───── Provided records

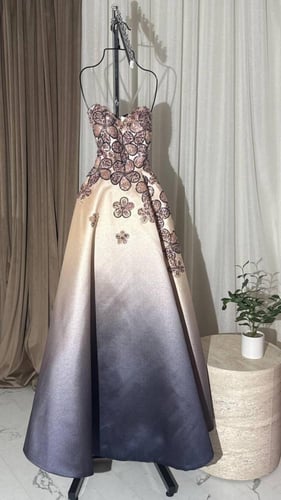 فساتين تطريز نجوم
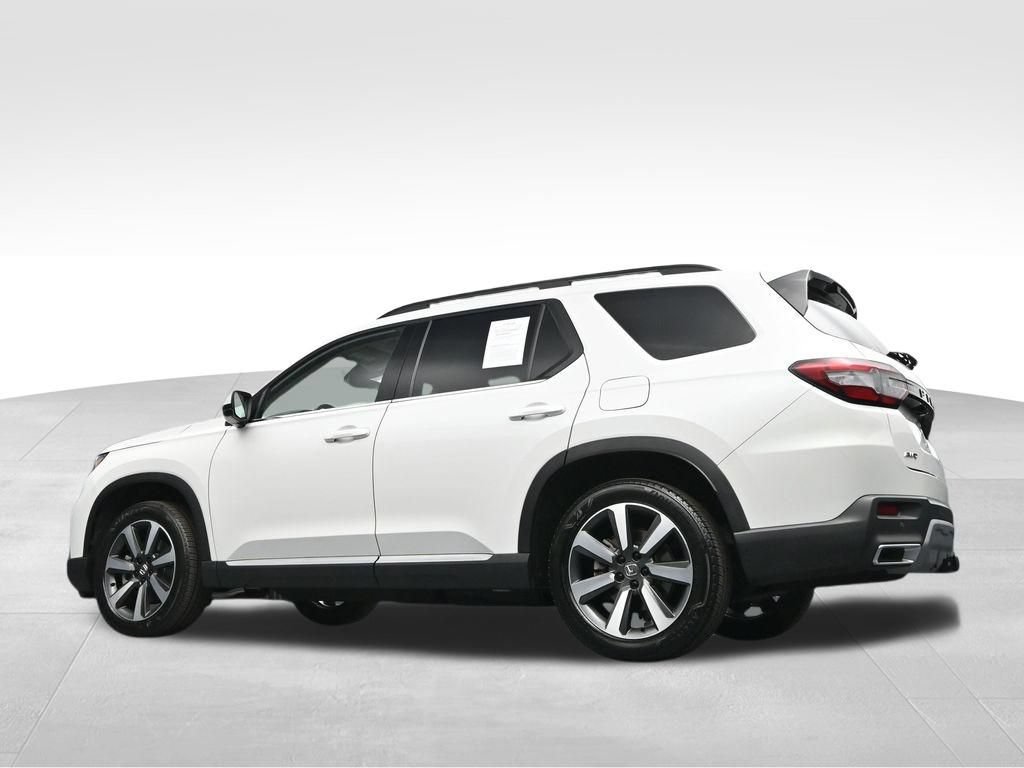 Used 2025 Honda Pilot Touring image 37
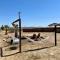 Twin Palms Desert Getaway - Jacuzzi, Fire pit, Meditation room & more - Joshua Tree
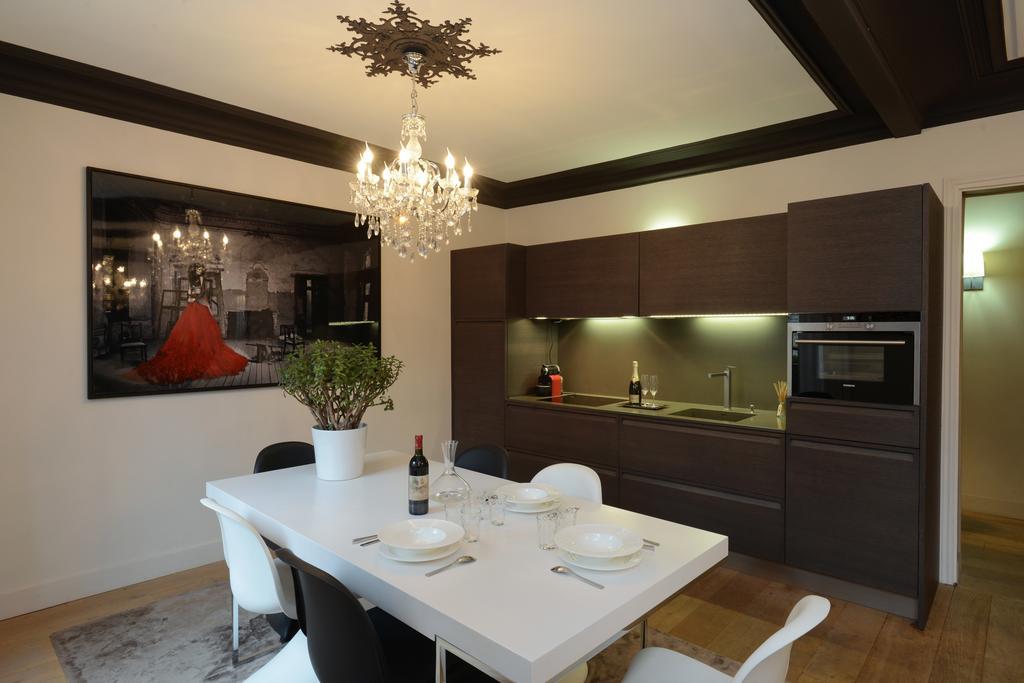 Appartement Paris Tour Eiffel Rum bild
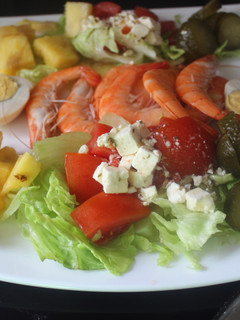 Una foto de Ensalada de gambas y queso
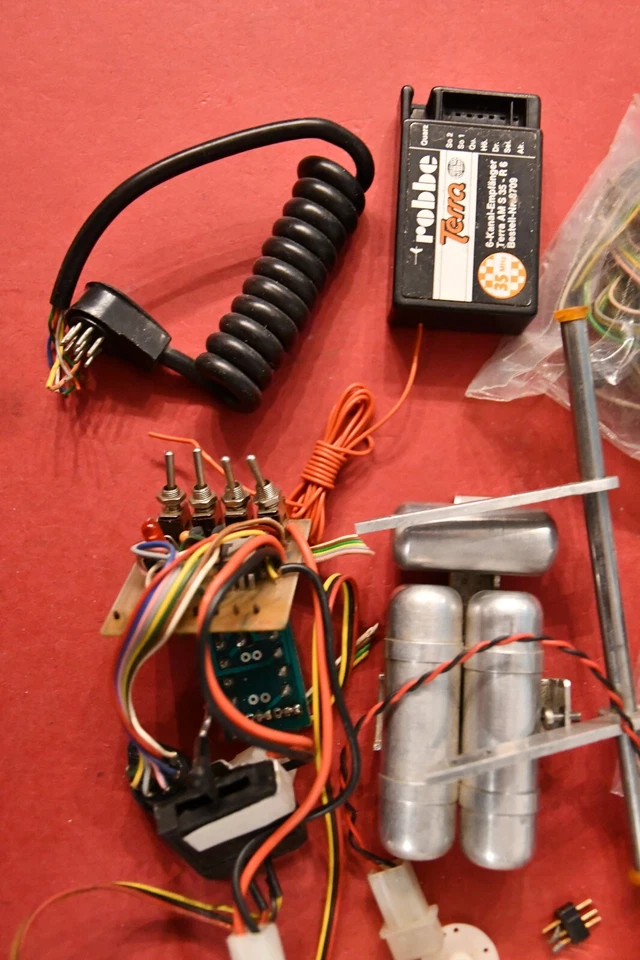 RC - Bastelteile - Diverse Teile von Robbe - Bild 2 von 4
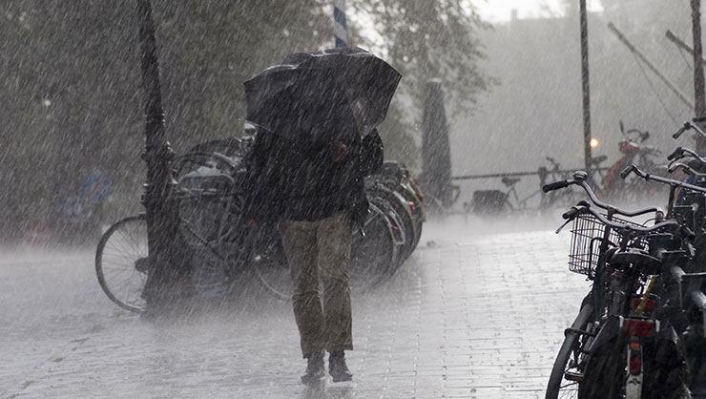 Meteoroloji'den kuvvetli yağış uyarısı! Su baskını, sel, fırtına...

──────────

→ **Exercise instructions**: Take the line with "Appartement Paris Tour Eiffel Rum bild" and each line after it through the end of the material above, and reproduce them exactly, without the pictures.

→ **Output of the task**:
 Appartement Paris Tour Eiffel Rum bild
 Una foto de Ensalada de gambas y queso
 RC - Bastelteile - Diverse Teile von Robbe - Bild 2 von 4
 Meteoroloji'den kuvvetli yağış uyarısı! Su baskını, sel, fırtına...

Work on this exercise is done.